Police are now investigating the attack as an assault and hinted that the head injury came after he was pushed by one of the three men. It follows a spate of attacks on AfD offices in various cities including an explosion last week in the eastern town of Döbeln that damaged windows and doors.

The party’s leadership, frequently accused of fomenting hatred and inciting violence with its fierce anti-immigrant rhetoric, seized the opportunity to turn the tables on Tuesday. 

“The cowardly, life-threatening violence against our party colleague Frank Magnitz is the result of the incitement against us by politicians and the media,” said AfD co-leader Alexander Gauland. “Will the fight against us only succeed if people die?”

Björn Höcke, the AfD’s regional leader in Thuringia, responded to the attack by comparing Germany’s political situation today to that of the Weimar Republic. Höcke is known for criticizing Germany’s commemoration of its Holocaust crimes and saying “these stupid politics of coming to grips with the past cripple us.”
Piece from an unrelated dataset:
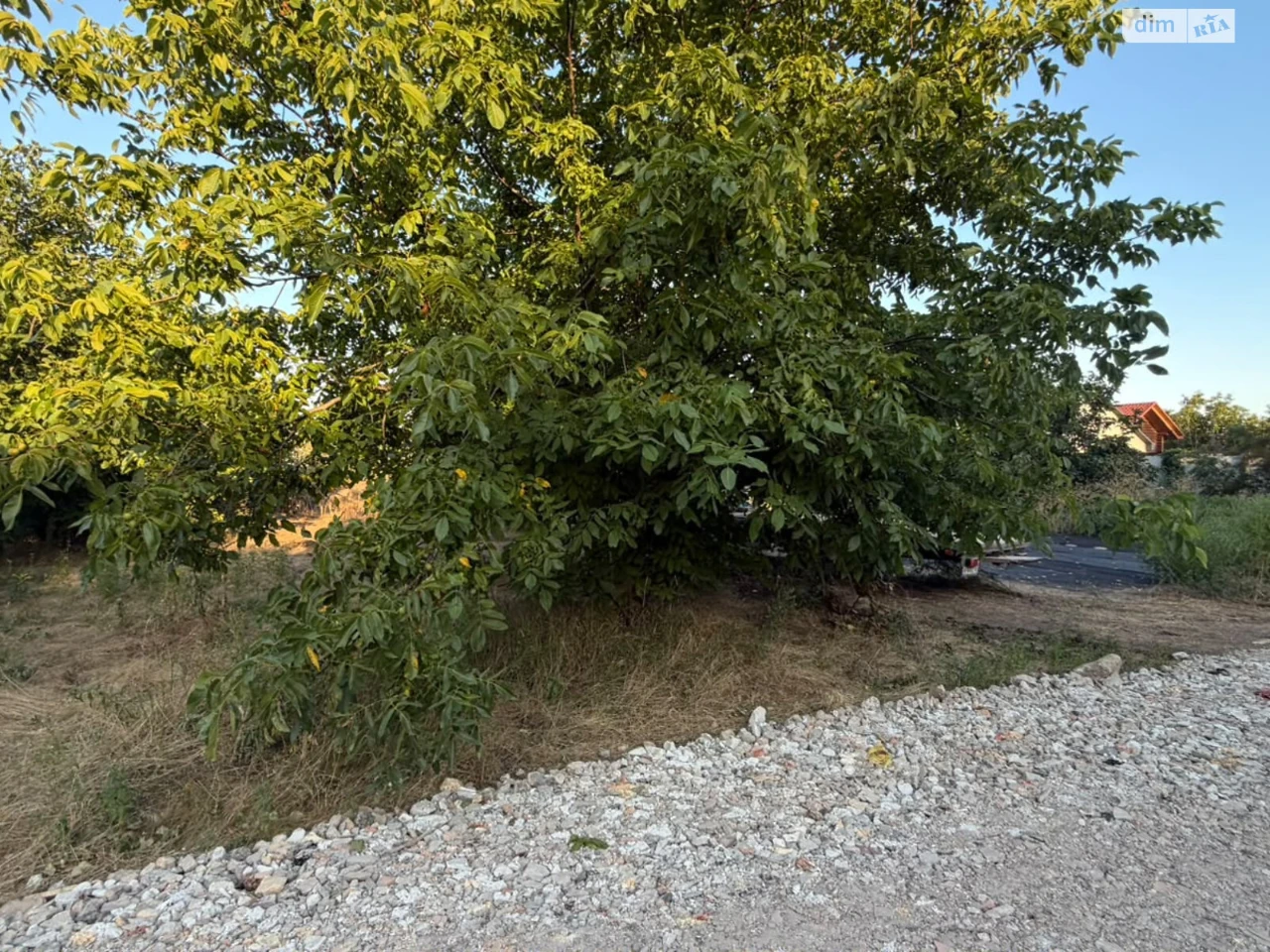 Land for Residential Development in Tsarske Selo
The co-leader of the AfD’s parliamentary group, Alice Weidel, voiced outrage at a tweet from Greens politician Cem Özdemir that likened the AfD to Nazis. He had written: “Those who fight hatred with hatred will always let hatred win in the end. #nazisout but with the methods of our constitutional state.”
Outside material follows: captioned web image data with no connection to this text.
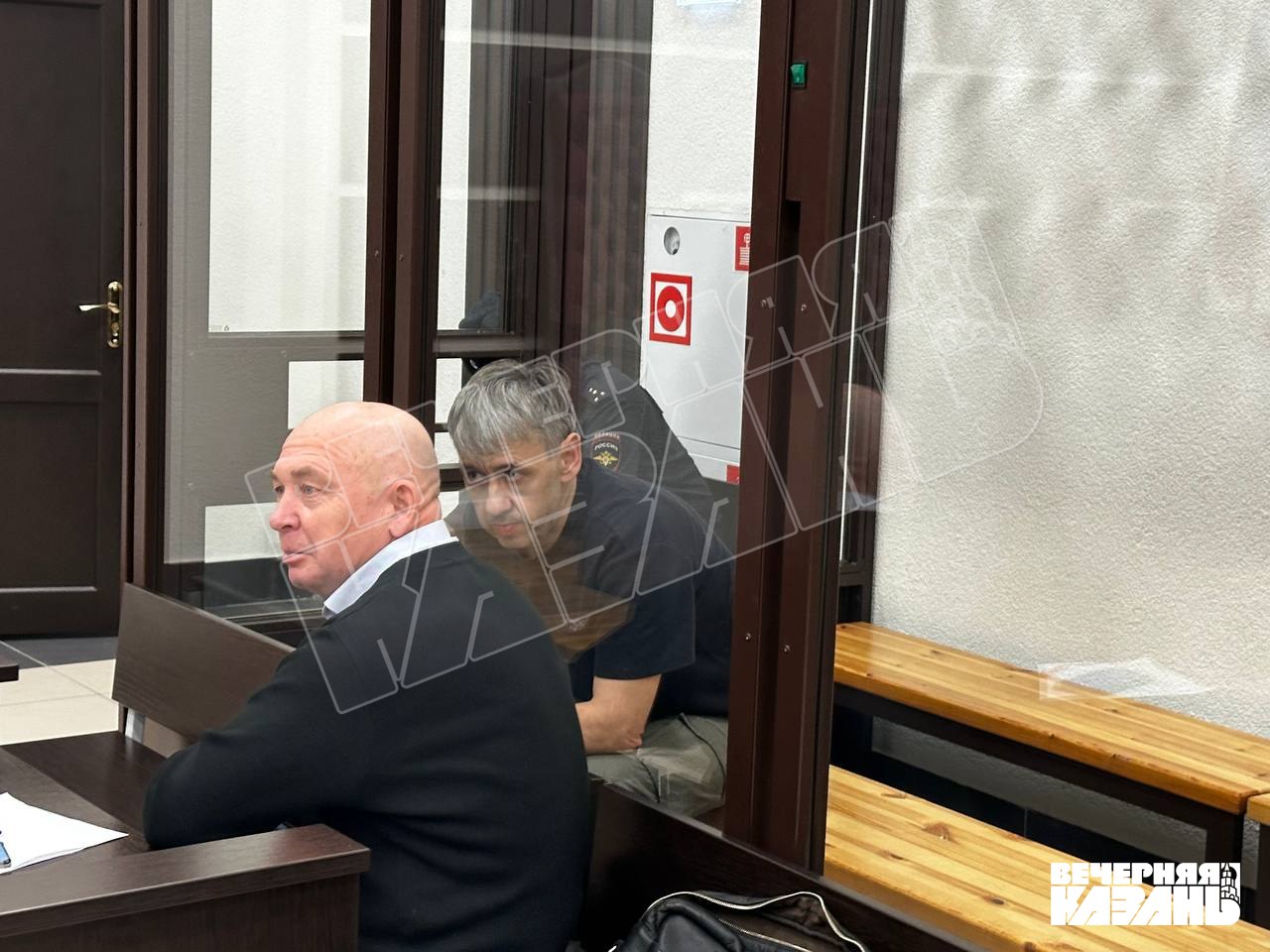 Директор фонда «Кот и Пес» отрицает причастность к трагедии в Васильево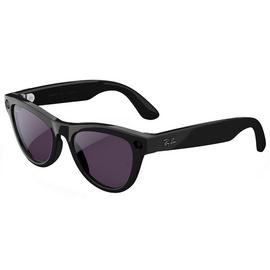 Ray-Ban Meta Skyler Gen 2 - Shiny Violet, Amethyst Lenses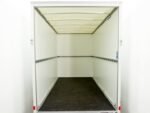 Remorque fourgon Unsinn ULK hauteur : 194 cm 1,3 t | porte - photo 6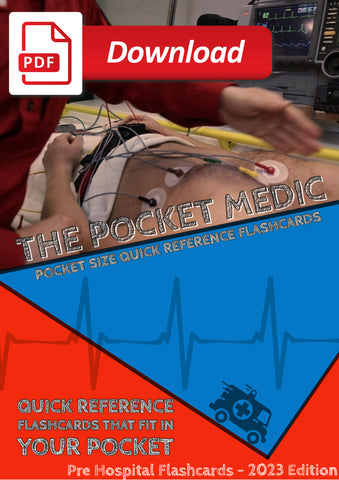The Pocket Medic - PDF Download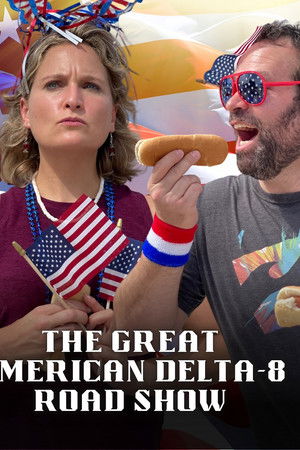 The Great American Delta-8 Road Show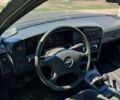 Синий Опель Омега, объемом двигателя 2 л и пробегом 180 тыс. км за 1029 $, фото 3 на Automoto.ua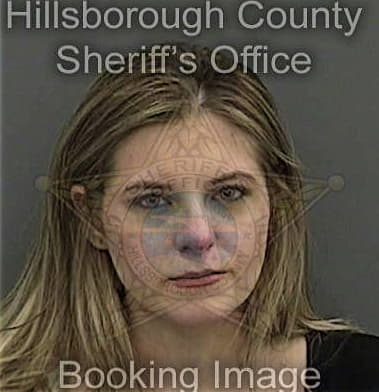 Maria Ramos, - Hillsborough County, FL 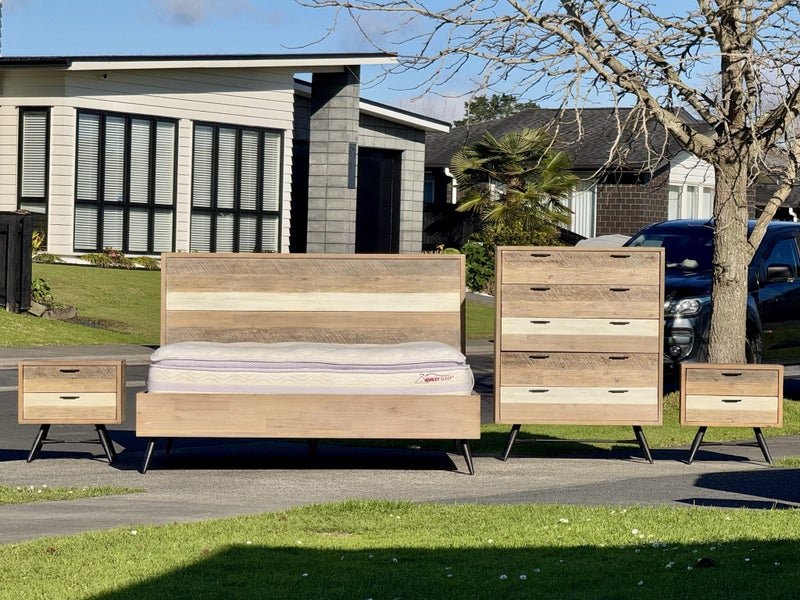 $1 RESERVE! ABSOLUTELY BEAUTIFUL ‘ASHLEY SLEEP’ SUPER KING PILLOW TOP MATTRESS! Carousel 20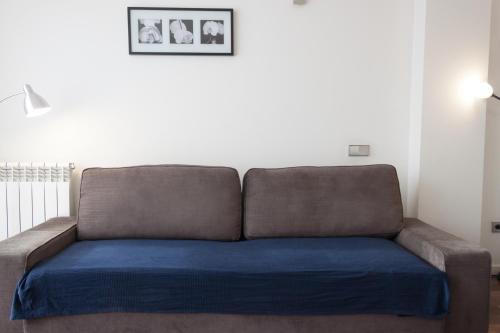 Apartamento Via Augusta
In a video statement posted on Twitter, Weidel said: “The stupidity and brutalization spreading in our party system is incredible.” The AfD suspects that leftist militants committed the attack in Bremen.

The political atmosphere has become increasingly charged since the refugee crisis in 2015 and deteriorated further with neo-Nazi rioting in Chemnitz at the end of August.

The AfD tapped into public opposition to Chancellor Angela Merkel’s open-border policy and became the third-strongest force in the Bundestag in the September 2018 election with 12.6 percent of the vote.

Muslim and Jewish leaders voiced alarm at its election gains, reached after a campaign of fierce rhetoric with AfD campaigns pledging to stop the “invasion of foreigners.” That kind of violent language spawns violence, say politicians and anti-racism activists.

The assault on Magnitz could allow the party to defuse such criticism. The AfD can now portray itself as a victim and will likely refer to the attack in campaigning for a series of regional elections this year in Bremen and the eastern states of Brandenburg, Saxony and Thuringia — not to mention the European Parliament elections in May.